| ABOUT THIS EXERCISE |
Using only the entries below, output the lines starting at the one containing "2013 HYUNDAI ELANTRA GLS photo 5" and ending at the one containing "KASPER SKIRT Black", exactly and inclusive of both, omitting the pictures.

| RECORDS SHOWN |
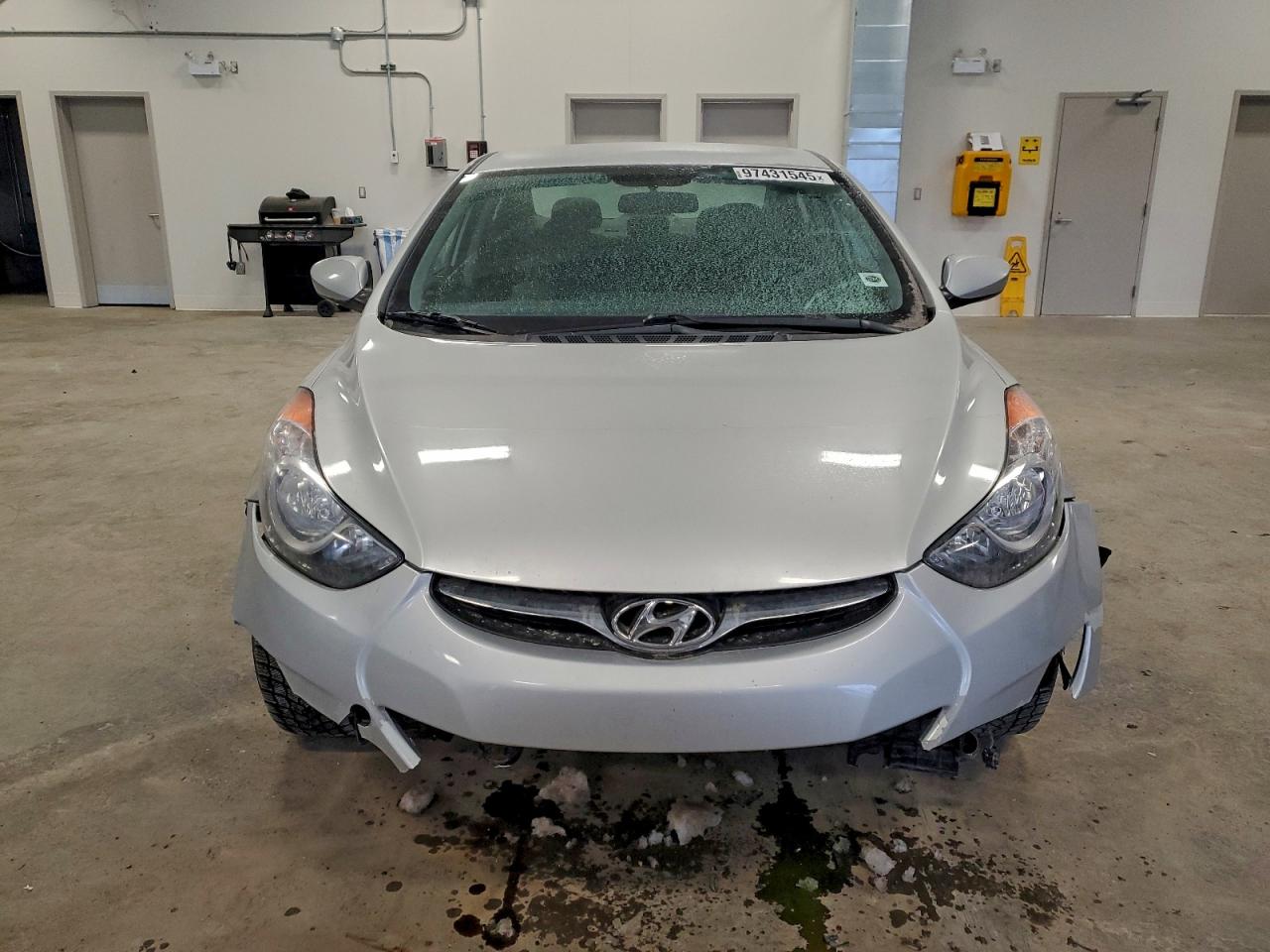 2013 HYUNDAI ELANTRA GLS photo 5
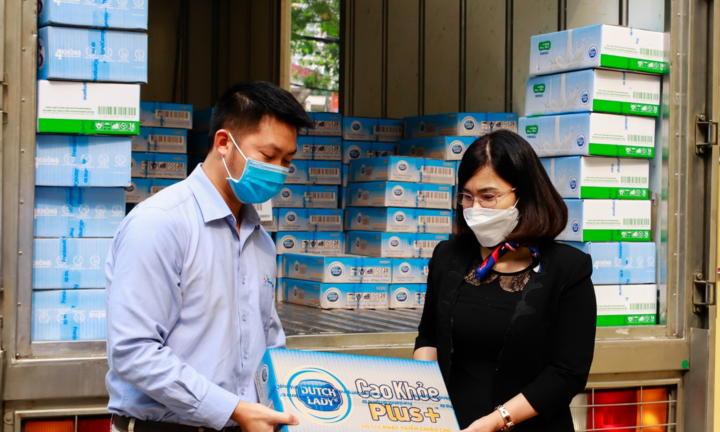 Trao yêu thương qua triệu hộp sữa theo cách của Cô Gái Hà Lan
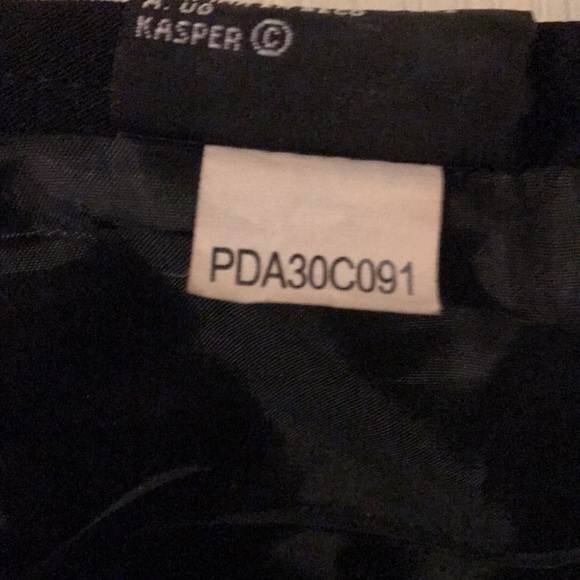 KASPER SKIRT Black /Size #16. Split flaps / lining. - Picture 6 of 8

--

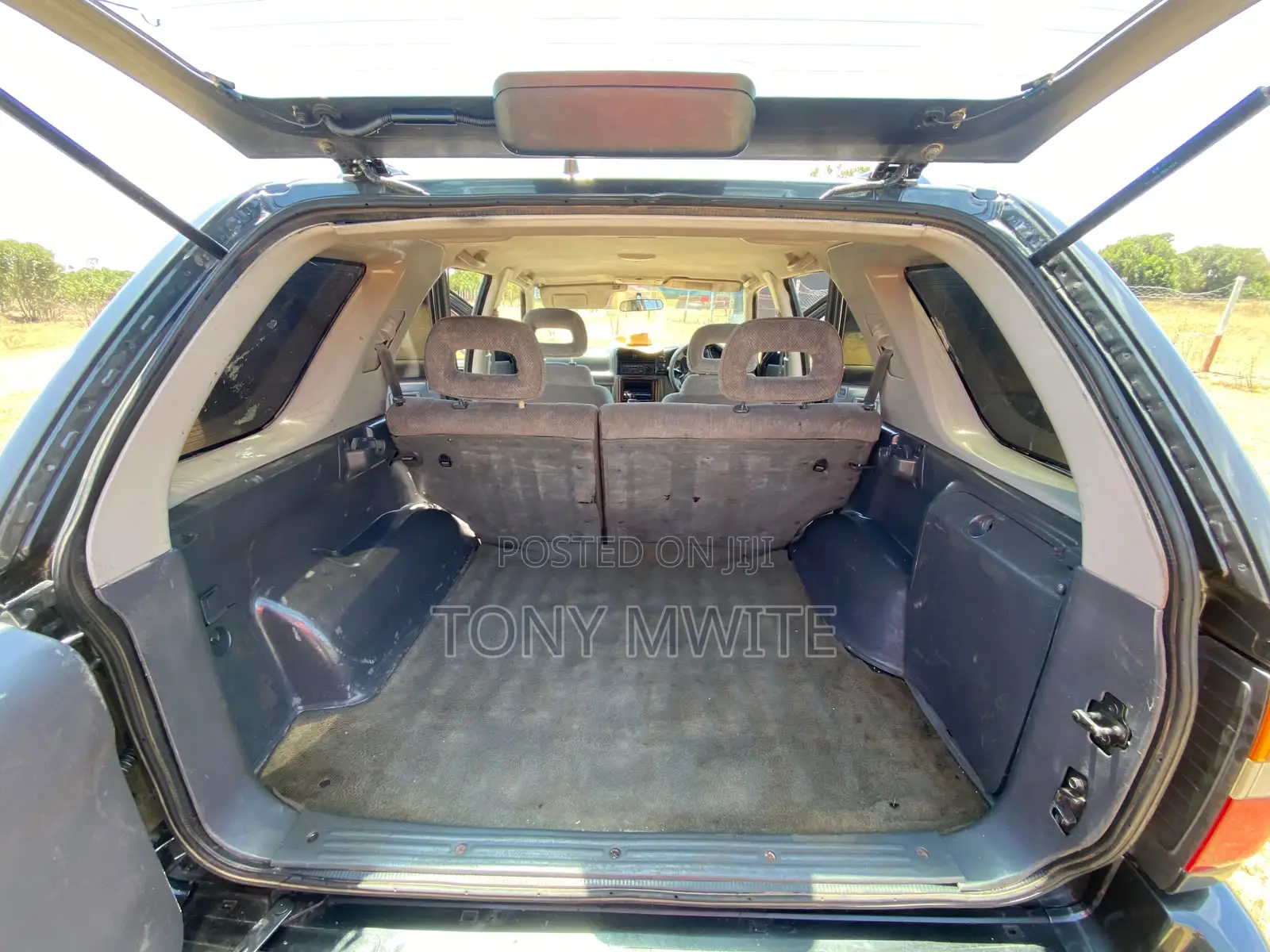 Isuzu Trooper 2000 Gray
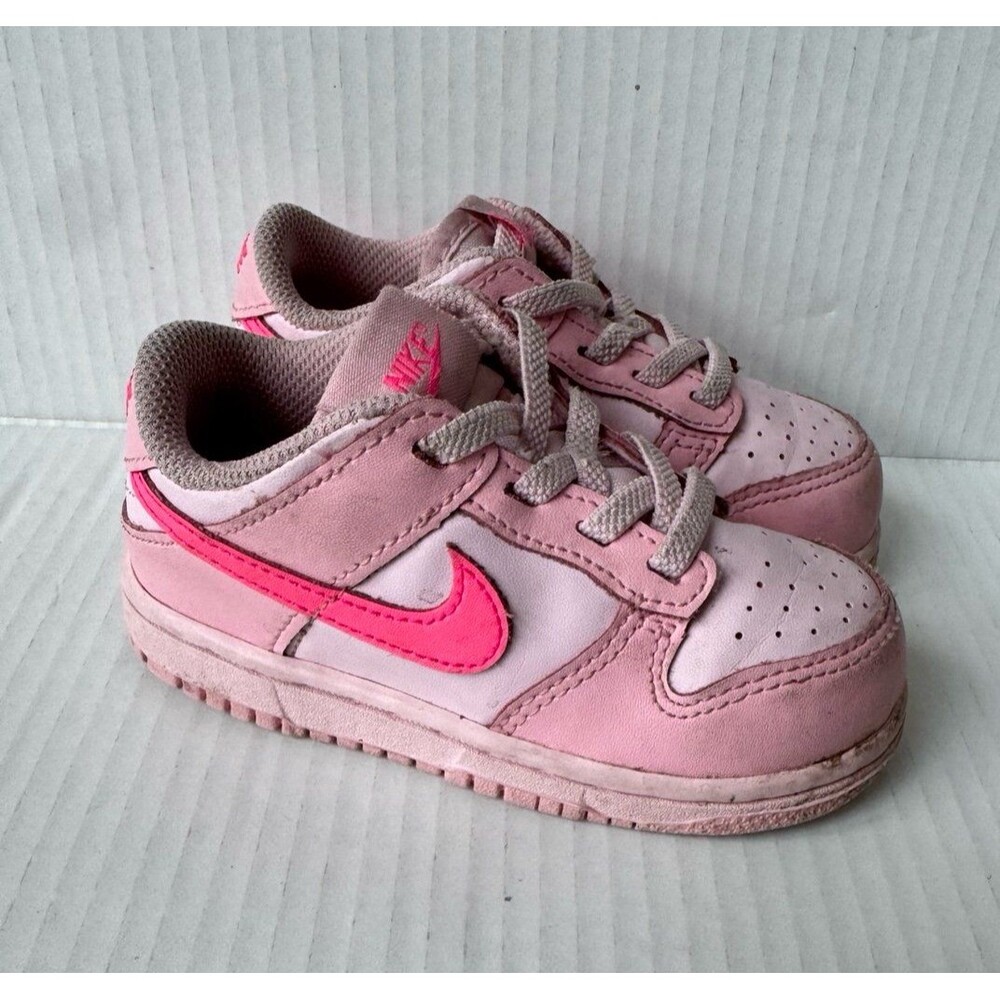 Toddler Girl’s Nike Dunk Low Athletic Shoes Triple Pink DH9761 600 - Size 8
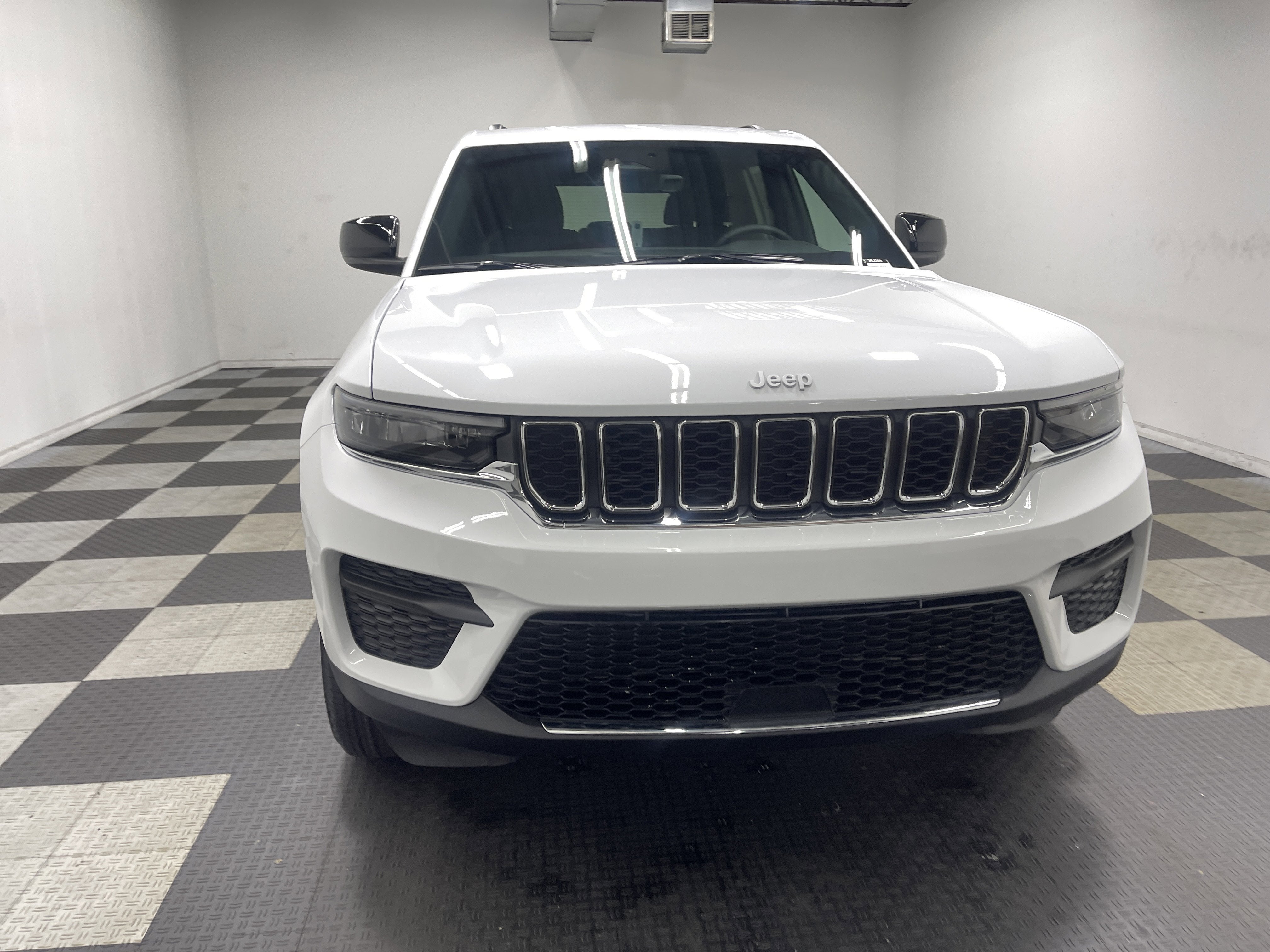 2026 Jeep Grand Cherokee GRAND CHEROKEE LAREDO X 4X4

* * *

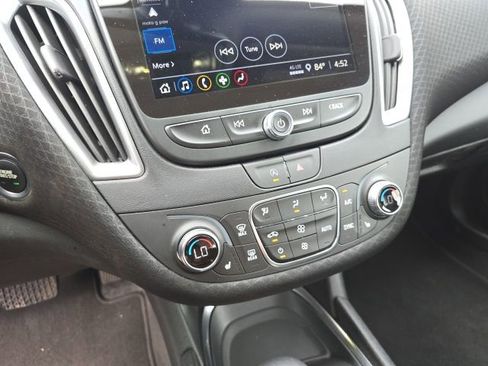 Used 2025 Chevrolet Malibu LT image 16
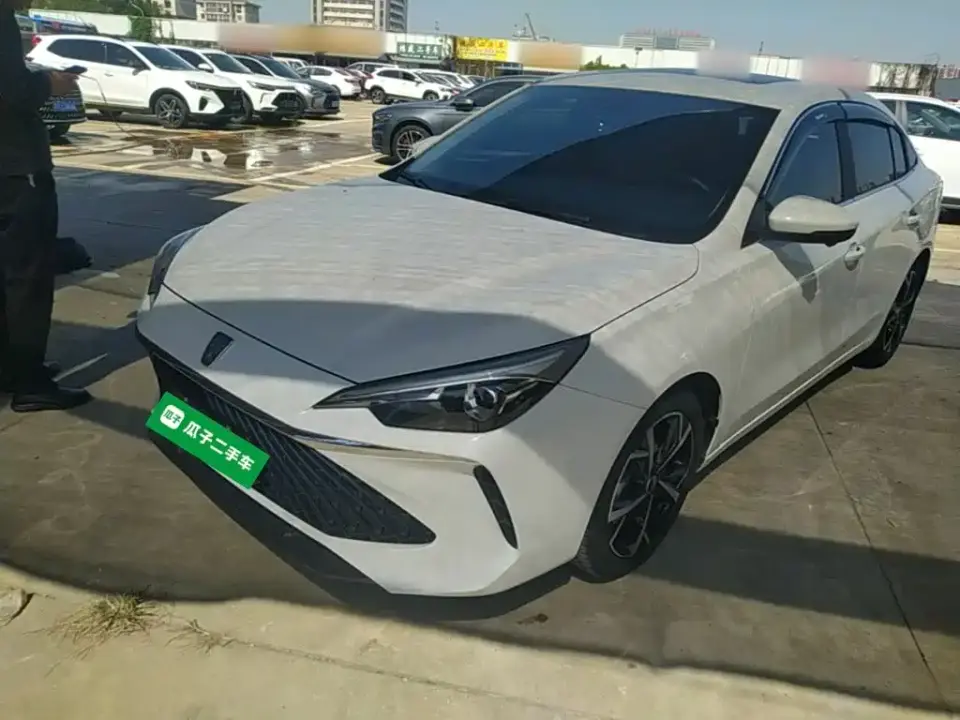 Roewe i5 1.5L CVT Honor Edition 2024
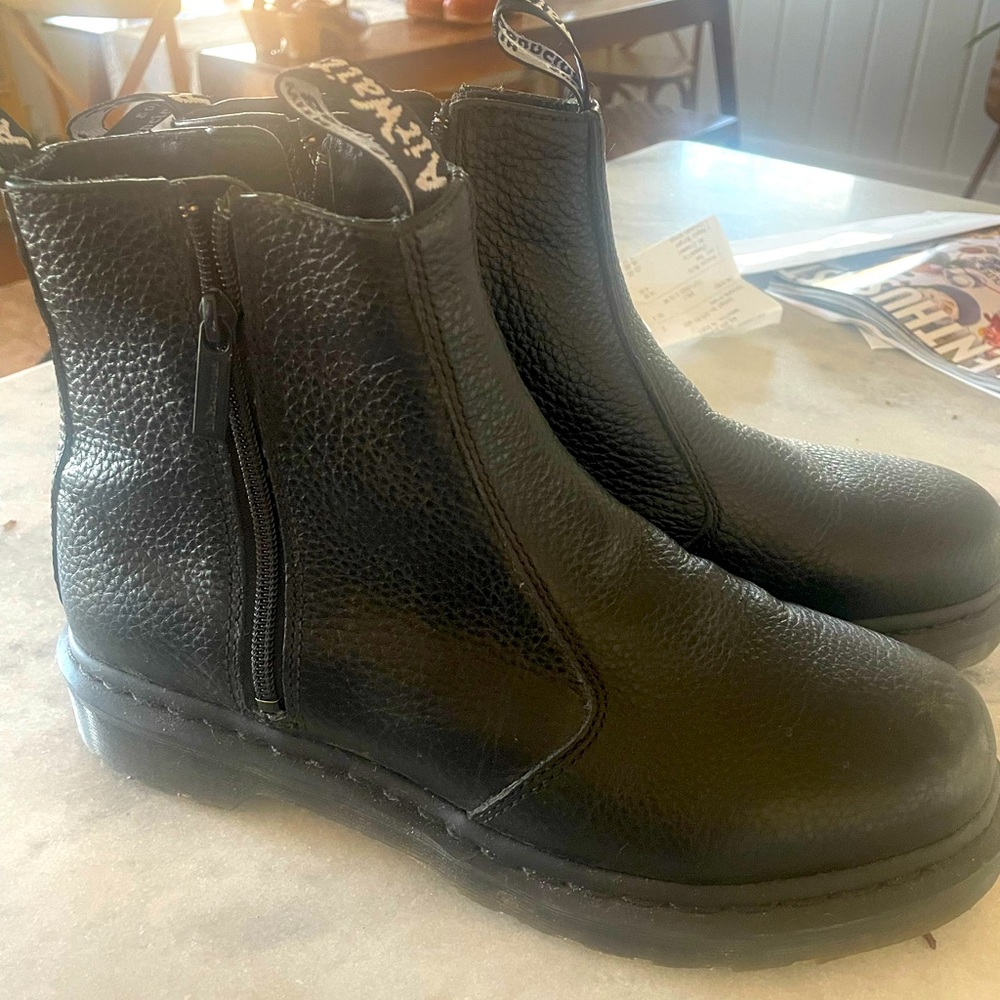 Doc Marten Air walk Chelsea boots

| EXPECTED ANSWER |
 2013 HYUNDAI ELANTRA GLS photo 5
 Trao yêu thương qua triệu hộp sữa theo cách của Cô Gái Hà Lan
 KASPER SKIRT Black /Size #16. Split flaps / lining. - Picture 6 of 8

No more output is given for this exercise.